The two envelopes can tell us that something was up, but they can’t reveal the secrets of Sid’s mind that winter of 1933. Sid came home from Buffalo practically glowing – you can feel it in his phrasing. The trip had been a success and Elsie was clearly the reason why. The letter has more feeling, more talk of things to come than any letter yet. So why didn’t he mail it? Did he suddenly get cold feet? Did he come back to his bachelor rooms and wonder if Elsie really had a place in his professorial life in New Brunswick? Did he get insecure, and worry that perhaps he had overstepped and been out of line with Elsie? We can’t know exactly what made him choose not mail his letters, any more than we can know what made him finally mail them both on a Thursday in late March, but I think we can all agree on a collective hand-to-the-forehead, a collective “Dude, what were you thinking??”
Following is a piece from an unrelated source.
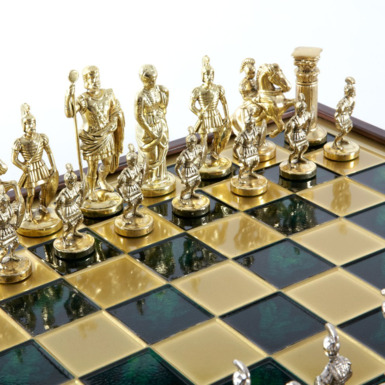 шахматы в украине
And one little phrase, added to the top of the January letter, gives us the hint that, late in March 1933, Sid was thinking the same thing.
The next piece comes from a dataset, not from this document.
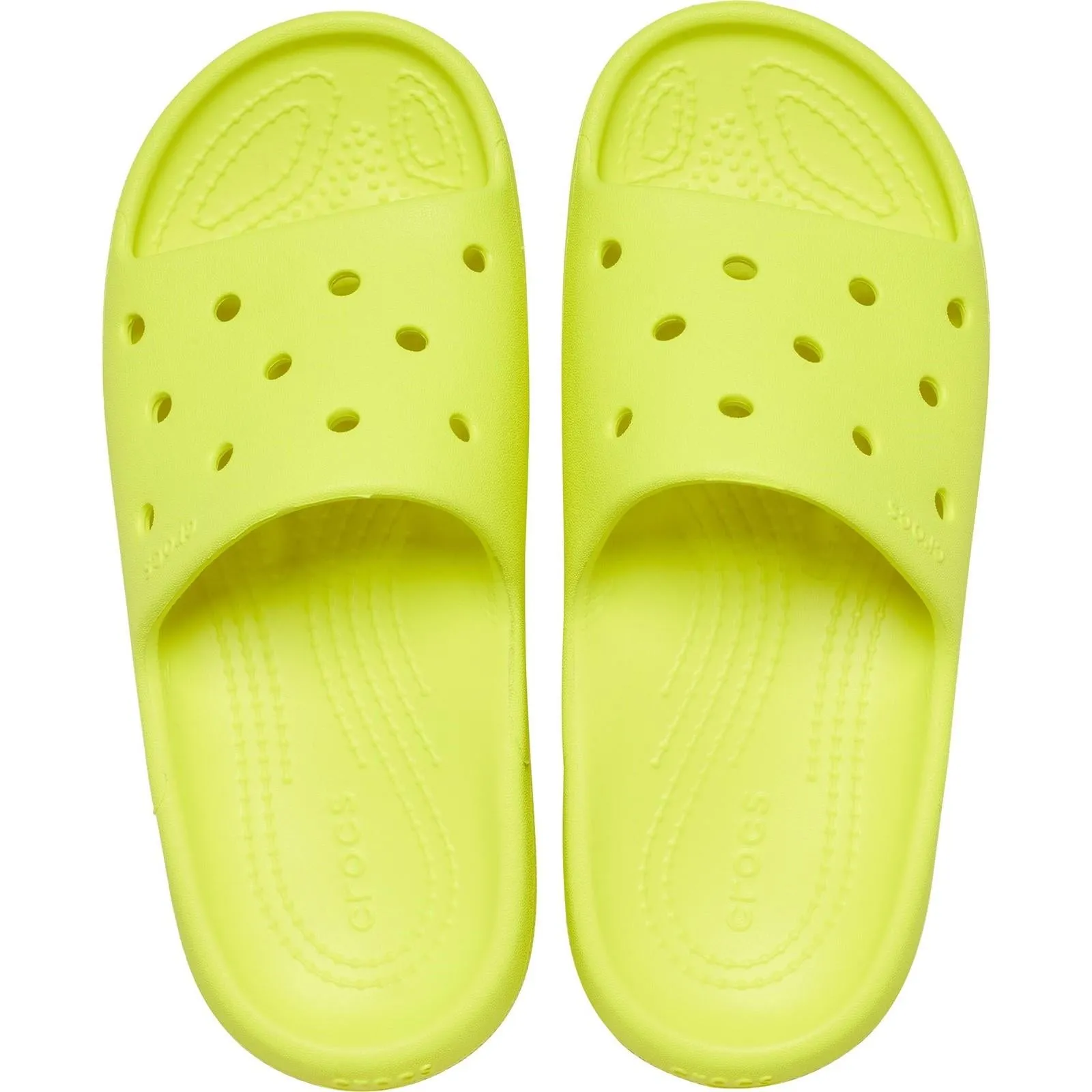 Crocs Classic Slide Shoes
“(As it should have been)”


(As it should have been)

Jan 3. 1933

Dear Elsie, 

It is quite a contrast to be back at work after such a long, interesting and enjoyable Christmas vacation that seemed in passing all too short. On New Year’s day I was manfully downing my piece of herring for good luck, yesterday riding the bus all day, and today lecturing to the eager (?) students – that is a change, isn’t it? But as the year promises to be full of many changes and exciting events it can be expected in individual lives.
If herring will do the job, it should be fed to all the unemployed. One wonders how many more hard winters are before them, or how many additions to the ranks will be made in the New Year. The hopes and aspirations of thousands are in Mr. Roosevelt, but can he do much where others have failed so noticeably? We must just mark time until March 4th. The mild winter at least is in the favor of those with little or inadequate shelter.
The bus ride is tiresome, but I was with Mrs Coury for company. Not many started from Buffalo but all along the route we gathered new recruits – teachers, students and others – who were returning from the vacation spent in the little towns. And soon we had them standing in the aisles until another bus could reach us from Scranton. I should prefer being with you and celebrating New Year’s day again, but with early classes I had to travel by day to reach here in time.  And then I had many hours to live again the happy days I spent with you. I was not proud of my conduct at Mildred’s, but in the future I shall be more lenient of those who insist they are sick and not “liquored”. Anyway I certainly craved a “murad” that evening, but I couldn’t trust myself to move. But the company was worth it all – it was amusing tho the way they drifted silently away when  Phil and I went walking. Anyway, we got the jig-saw puzzle together and played lots of bridge. In the weeks to come I must be sure to keep in practice.
Now I learn in N[ew] B[runswick] we are to have another series of “advanced” lectures – would you call them radical? – by the League for Industrial Democracy. You remember I spoke of them last year? Norman Thomas, Paul Blanchard and others? Only this year there are no well-known names and I wonder whether they will be as interesting or just the same old stuff less forcefully told. It is always difficult to reconcile the ideal and the practical. Perhaps in one way the Socialists are wrong in insisting too much on impossible ideals. Intellectually, I am inclined to their side, but practically I know a Democrat is to be in power soon, and hope that he will be liberal enough & far reaching enough to accomplish some of the socializing program of the Socialists. I should like to take you with me, to hear your reaction; you would be opposed, but your company is good and always refreshing. I have persuaded the library to buy a weighty tome on “Russia”, by Hans von Eckardt, from which I hope to learn a lot on the history of Russia, & the development of the Revolution. During the holidays I “did” a few novels.
We shall see about the mid year exam schedule and the possibility of getting away. All I know is that you seem all too far away & I should like to be able to see you again & again as I have done in the last two weeks. You were generous to me, Elsie.